Some Investors Turning to God as Portfolio Manager

“Biblically responsible investing, or BRI, is booming as investment managers who are losing assets to index fund strive to find new niches,” writes columnist Jason Zweig in a recent article for The Wall Street Journal. Evangelicals and other Christians are increasingly seeking investment management and financial planning that aligns with their interpretation of “biblical principles.”

While some gravitate toward socially responsible companies that “recruit LGBT workers or donate to Planned Parenthood and the like,” he writes, “By contrast, biblically responsible investors shun companies that profit from or support abortion, pornography, gambling, or LGBT issues.”

But Zweig argues that, whatever your beliefs, the approach faces broad challenges: “You can salve your conscience, or you can earn higher returns. It isn’t likely you can do both.”

Rob West, president of Kingdom Advisors Inc., and Atlanta nonprofit that educates Christian financial professionals, says that biblically driven clients have been “an underserved majority” and that approximately 1,200 active advisers have been designated Certified Kingdom Advisors to show they have been trained to offer financial advice according to biblical principles. The number has more than doubled since 2014, says West.

“Whether faith-based investing will pay off in this world or only in the next is another question,”


writes Zweig, explaining that the filters used to identify companies can cause a BRI portfolio to deviate from the broader market. “Whether socially responsible funds, in general, outperform is hotly disputed,” he argues, adding, “There isn’t much evidence that socially responsible investing generates significantly higher returns.”

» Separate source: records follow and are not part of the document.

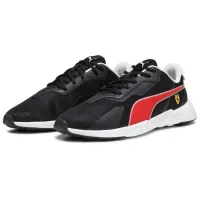 Adidași pentru bărbați Puma Ferrari Tiburion 47/ Black Red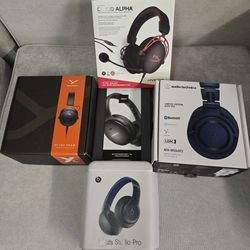 Top Rated Headphones for Sale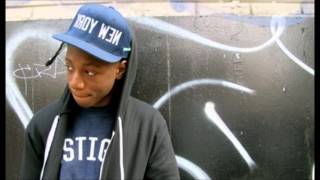 Joey Bada$$ ft. Chance The Rapper - Wendy N Becky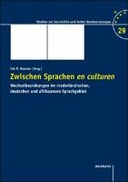 Zwischen Sprachen en culturen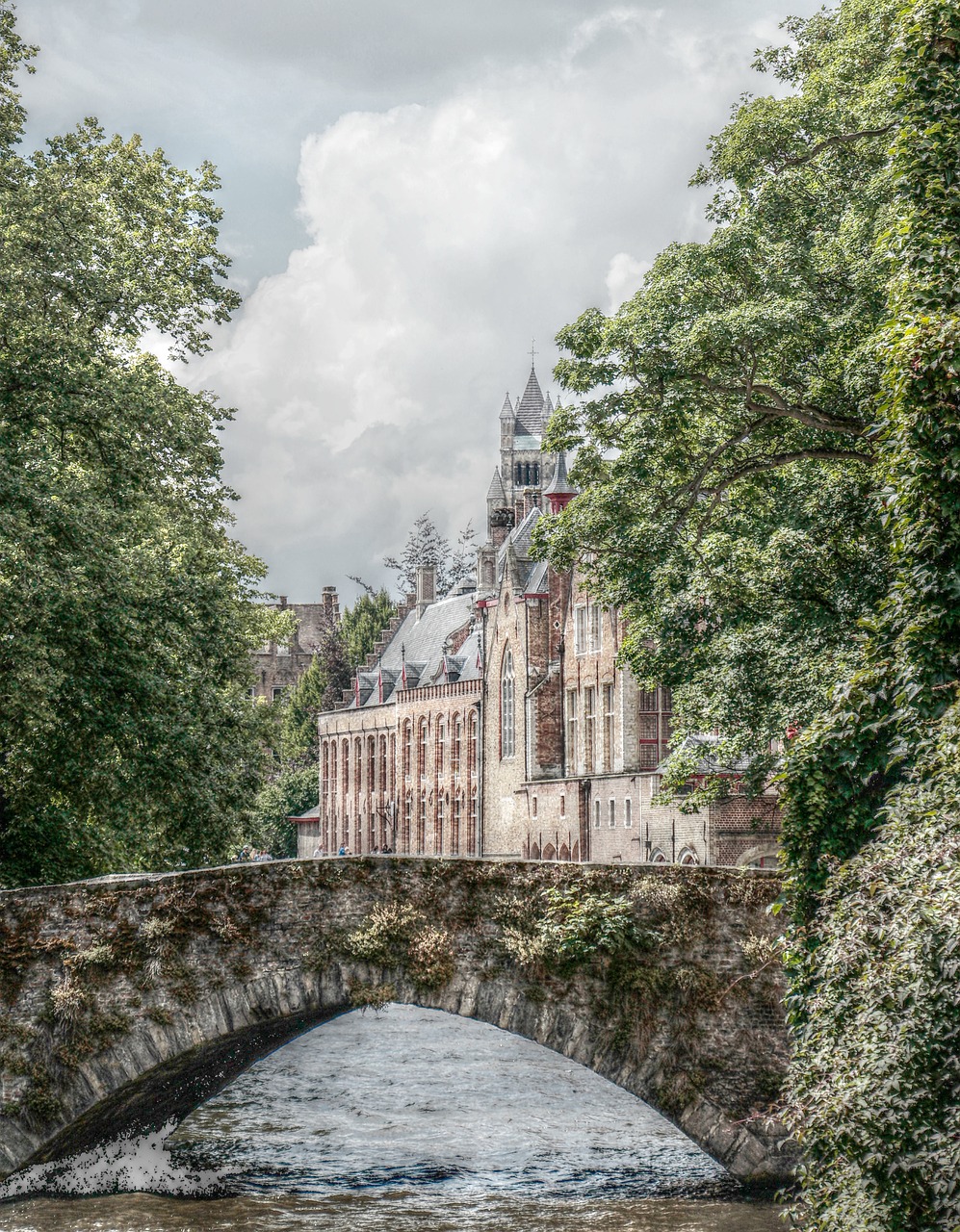 What to do when visiting Bruges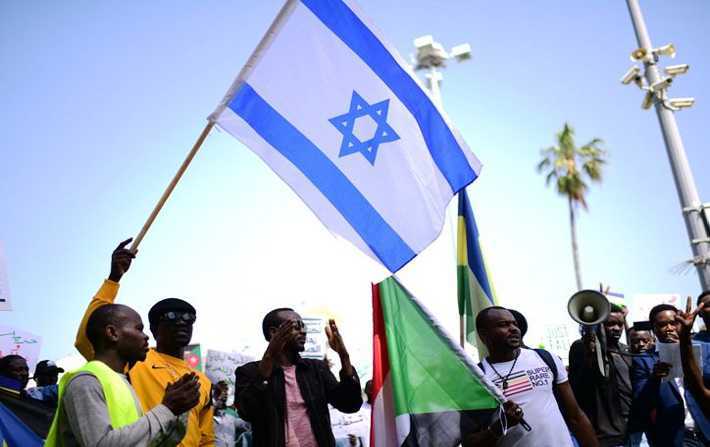 رسميا: تطبيع العلاقات بين إسرائيل والسودان 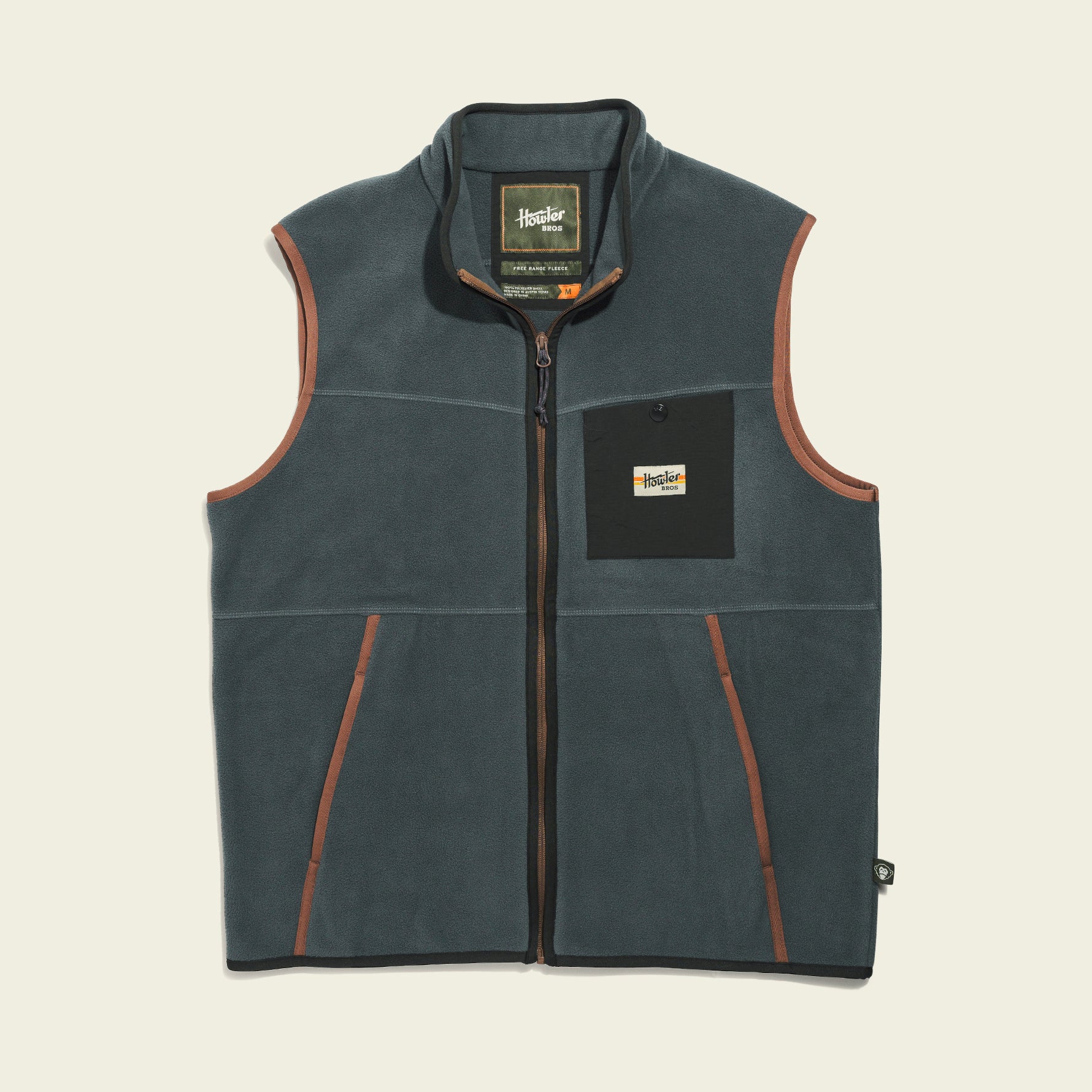 Free Range Fleece Vest - Image 2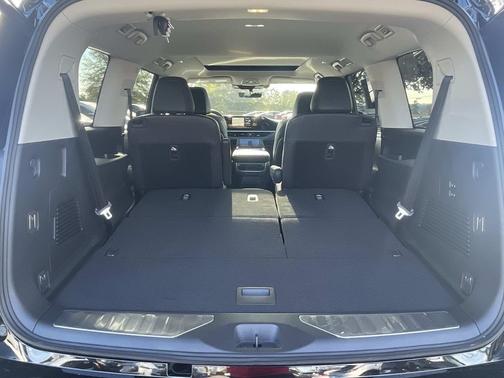 2025 INFINITI QX80 PURE AWD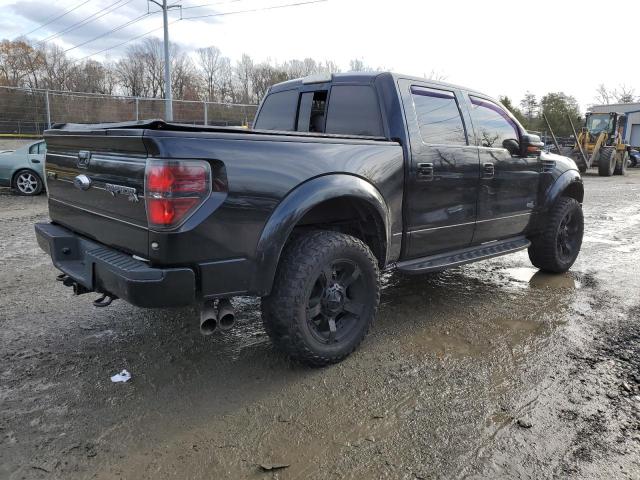 Obraz 3 z 2011 FORD F150 SVT RAPTOR 2011 z VIN 1FTFW1R69BFB08168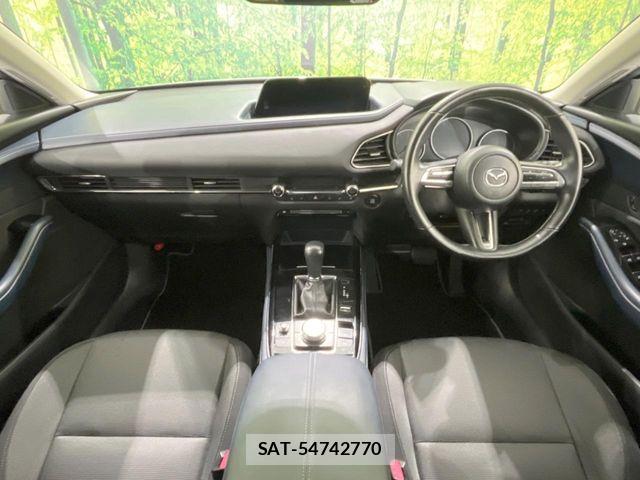 Mazda CX-30 2021-08 8848617-1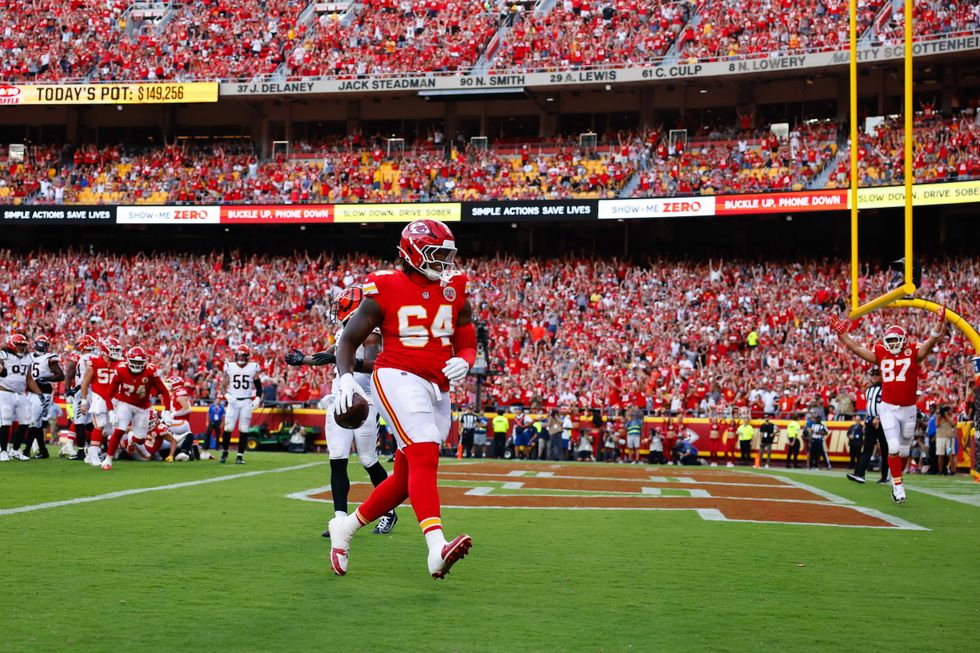 Chiefs-Bengals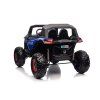 Elektrické autíčko Buggy UTV-MX 2000N 4x4 modré 6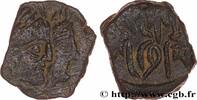 Post-hellénistique 1 (30 avant J.C.à 227 après J.C Unité NABATÉENS - ROYAUME NABATÉEN - ARÉTAS IV PHILOPATRIS Pétra, Nabatée c. 9 AC. - 40 AD. (14,5mm, 2,41g, 6h) -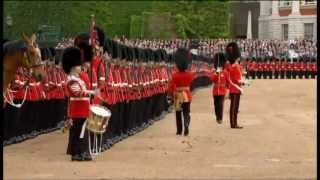 Trooping The Colour 2012  The British Grenadiers [upl. by Kale451]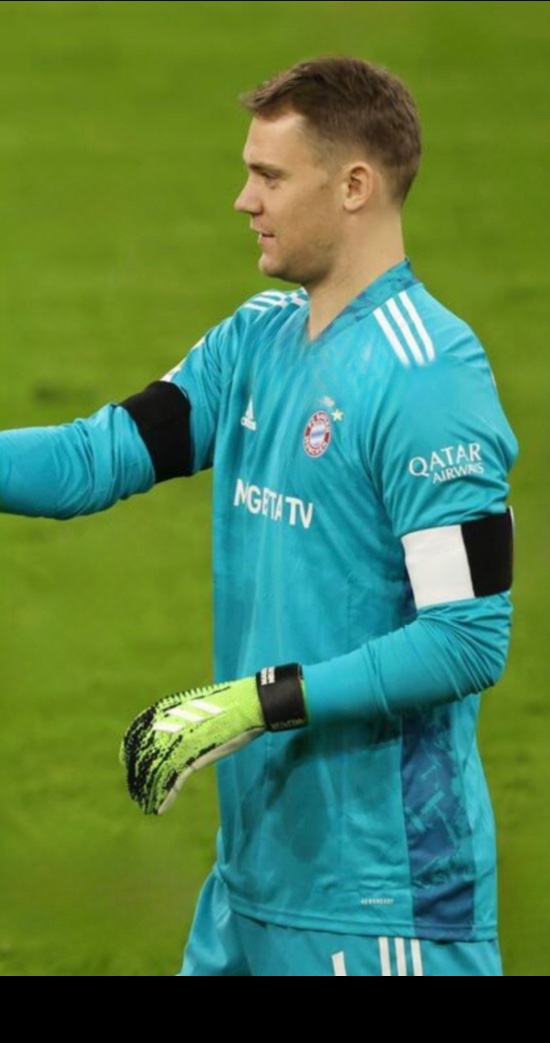 Bayern München 2020-21 GK 1 V2 Kit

Zweig also points out that investors should be aware that in BRI, like any other arm of investing, there have been “unscrupulous promoters” that have “exploited the trust of the faithful. “Precisely because you might drop your guard with someone who says he shares your faith,” Zweig warns, “you should always check a biblically oriented adviser’s background with extra care at brokercheck.finra.org and adviserinfo.sec.gov.”